Now that I’ve got your attention, I should tell you the actual result: With the assistance of quantum memory, the uncertainty principle as normally formulated does not apply in all circumstances. Instead it has to be modified to take into account the “quantumness” of the memory, and in particular the possibility of entanglement between the memory and the thing you’re trying to measure.

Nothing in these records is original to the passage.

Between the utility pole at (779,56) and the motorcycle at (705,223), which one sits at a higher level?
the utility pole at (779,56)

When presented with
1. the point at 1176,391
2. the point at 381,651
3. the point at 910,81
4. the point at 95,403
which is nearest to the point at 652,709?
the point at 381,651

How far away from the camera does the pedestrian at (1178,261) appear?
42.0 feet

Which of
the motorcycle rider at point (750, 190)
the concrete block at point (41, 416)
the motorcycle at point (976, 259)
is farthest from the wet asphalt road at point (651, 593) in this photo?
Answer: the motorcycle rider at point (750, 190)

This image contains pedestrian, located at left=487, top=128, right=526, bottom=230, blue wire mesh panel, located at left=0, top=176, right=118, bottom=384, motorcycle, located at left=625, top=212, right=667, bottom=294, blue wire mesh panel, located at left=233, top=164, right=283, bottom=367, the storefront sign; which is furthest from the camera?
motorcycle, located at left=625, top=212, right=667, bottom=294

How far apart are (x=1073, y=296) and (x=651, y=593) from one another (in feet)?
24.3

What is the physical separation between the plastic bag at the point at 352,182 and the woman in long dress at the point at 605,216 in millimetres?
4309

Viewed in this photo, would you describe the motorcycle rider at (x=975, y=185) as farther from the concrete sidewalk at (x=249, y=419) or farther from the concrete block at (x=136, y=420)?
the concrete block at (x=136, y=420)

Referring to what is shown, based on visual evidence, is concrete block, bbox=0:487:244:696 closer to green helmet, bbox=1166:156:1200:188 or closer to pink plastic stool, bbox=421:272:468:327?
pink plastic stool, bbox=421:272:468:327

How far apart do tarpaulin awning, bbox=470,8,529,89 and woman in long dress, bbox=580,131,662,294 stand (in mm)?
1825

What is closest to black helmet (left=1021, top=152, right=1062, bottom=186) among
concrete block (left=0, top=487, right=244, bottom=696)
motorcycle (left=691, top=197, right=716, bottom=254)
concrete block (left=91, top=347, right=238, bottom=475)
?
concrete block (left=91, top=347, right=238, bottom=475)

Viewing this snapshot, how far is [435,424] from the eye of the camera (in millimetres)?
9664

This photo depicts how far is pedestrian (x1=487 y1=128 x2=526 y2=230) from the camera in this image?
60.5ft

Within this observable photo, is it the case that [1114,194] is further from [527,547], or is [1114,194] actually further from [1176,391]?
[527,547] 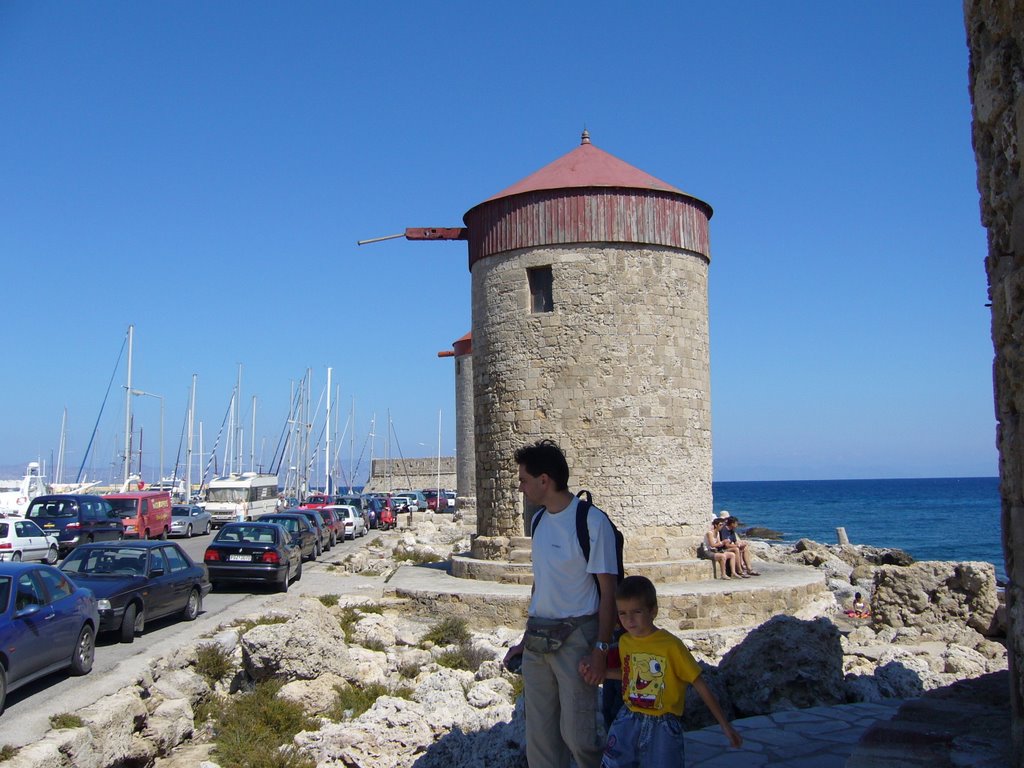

Because the “uncertainty principle” is really a whole host of related issues, we specify a concrete setting in which the original entropic form of the uncertainty principle is no longer valid. It’s a game involving two players, named, as usual, Alice and Bob. In the game Alice and Bob agree on two possible measurements for Alice to make on a physical system she’s going to get from Bob. To be more specific, let’s say the two measurements are angular momentum along two different spatial directions and the physical system is an electron. The angular momentum of electrons can only take on two possible values, +\hbar/2 or -\hbar/2. Bob goes first in the game and prepares the electron in any way he likes, giving it to Alice when he’s done. Now it’s her turn, and she performs one of the two measurements and tells Bob which one. Finally, Bob attempts to guess her result. If he does, he wins the game. If not, he loses. The point of thinking in terms of this game is not that it’s fun to play, but rather to very clearly fix our attention on the issue of “knowing” (being able to predict) the outcome of either of two possible measurements, only one of which is going to be performed. So we’re not immediately interested in questions like how much measurement disturbs the state of if both measurements could be performed at once (though they are related).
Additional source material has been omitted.